Steve Eisman, the investor who shorted subprime mortgages before the 2008 crash and was immortalized in The Big Short, has turned his contrarian eye on artificial intelligence — and his conclusion, in an interview with Fortune, is that most investors are crowding into the wrong names. This is one investor's analysis, not a consensus view or investment advice; Eisman has had misses alongside his famous win.

The core argument: "no moats in AI"

A moat, in investing shorthand, is a durable advantage that protects a company's profits from competition. Eisman's central claim is that the big AI platforms don't have one. "There are no 'moats' in AI," he told Fortune. "Someone moves to ChatGPT then to Gemini then to Claude." Because customers can switch between models with little friction, he argues, providers are forced to compete on price rather than lock buyers in.

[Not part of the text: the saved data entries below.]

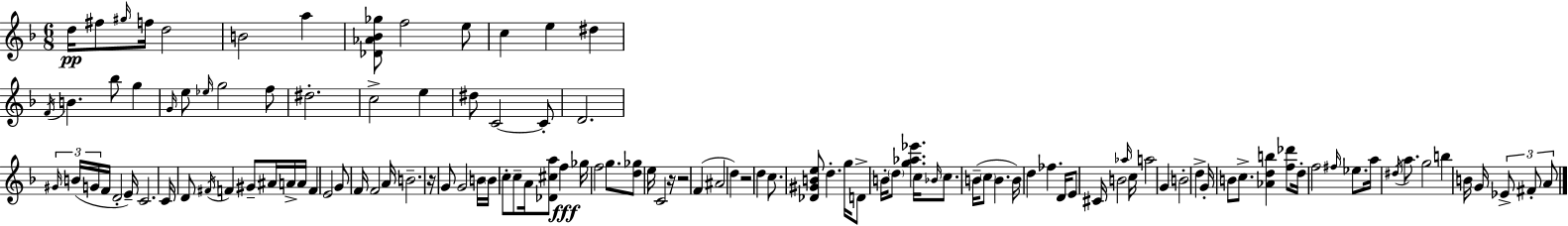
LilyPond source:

{
  \clef treble
  \numericTimeSignature
  \time 6/8
  \key f \major
  \repeat volta 2 { d''16\pp fis''8 \grace { gis''16 } f''16 d''2 | b'2 a''4 | <des' aes' bes' ges''>8 f''2 e''8 | c''4 e''4 dis''4 | \break \acciaccatura { f'16 } b'4. bes''8 g''4 | \grace { g'16 } e''8 \grace { ees''16 } g''2 | f''8 dis''2.-. | c''2-> | \break e''4 dis''8 c'2~~ | c'8-. d'2. | \tuplet 3/2 { \grace { gis'16 }( b'16 g'16 } f'16 d'2-. | e'16--) c'2. | \break c'16 d'8 \acciaccatura { fis'16 } f'4 | gis'8-- ais'16 a'16-> a'16 f'4 e'2 | g'8 f'16 f'2 | a'16 b'2.-- | \break r16 g'8 g'2 | b'16 \parenthesize b'16 c''8-. c''8-- a'16 | <des' cis'' a''>8 f''4\fff ges''16 f''2 | g''8. <d'' ges''>8 e''16 c'2 | \break r16 r2 | f'4( ais'2 | d''4) r2 | d''4 c''8. <des' gis' b' e''>8 d''4.-. | \break g''16 d'8-> b'16-. \parenthesize d''8 <g'' aes'' ees'''>4. | c''16 \grace { bes'16 } c''8. b'16--( \parenthesize c''8 | b'4. b'16) d''4 | fes''4. d'16 e'8 cis'16 b'2 | \break \grace { aes''16 } c''16 a''2 | g'4 b'2-. | d''4-> g'16-. b'8 c''8.-> | <aes' d'' b''>4 <f'' des'''>8 d''16-. f''2 | \break \grace { fis''16 } ees''8. a''16 \acciaccatura { dis''16 } a''8. | g''2 b''4 | b'16 g'16 \tuplet 3/2 { ees'8-> fis'8-. a'8 } } \bar "|."
}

That makes him wary of the so-called hyperscalers — the tech giants such as Meta, Microsoft, Oracle and Alphabet that are pouring money into AI infrastructure. He describes them as fighting in a "brutal arena" of substitutable products. And the sums at stake are vast: by his account, Alphabet spent $80 billion on AI last year, plans $180 billion to $190 billion this year, and "raised $85 billion in stock" to help fund it. His worry is that the spending is certain while the payoff is not.

The "picks and shovels" play

Rather than the companies writing the giant checks, Eisman prefers their suppliers — a "picks and shovels" approach, named for the idea that the surest money in a gold rush was made selling miners their tools, not digging. In AI terms, that means the chip and networking firms that get paid no matter which platform ultimately wins.

His preferred names are Nvidia, Arista Networks and Cisco Systems, which he sees as selling specialized, hard-to-substitute hardware — the opposite of the commodity-like position he ascribes to the platforms.

A pointed warning on SpaceX

Eisman reserves his sharpest skepticism for SpaceX, which is heading for a public listing. He pegs its implied valuation at "over 100 times revenue" — against roughly 50 times for the high-multiple software firm Palantir — and notes that SpaceX's revenue is in the neighborhood of breakfast-cereal maker Kellogg's, around $19 billion, a company no one values so richly.

He attributes the gap to enthusiasm rather than fundamentals: "Musk is a cult, so people keep saying 'wait till next year.'" He is dismissive of the company's $28.5 trillion total addressable market — a figure he notes is "over 90%" attributed to AI — and of its AI product: "Grok is a third-tier product," he said, arguing engineers "won't use it because it sucks."

How to read this

Eisman's framework is coherent and clearly argued, but it rests on contestable assumptions — chiefly that AI models stay easily substitutable, which may not hold if one platform pulls meaningfully ahead. Plenty of analysts take the opposite side, expecting the hyperscalers' spending to compound into durable advantages over time. His record outside the 2008 trade is mixed. The useful takeaway is not "buy this, sell that" but the question he is pressing: in a business where everyone is spending enormous sums, who actually gets to keep the profits? Readers should weigh that for themselves.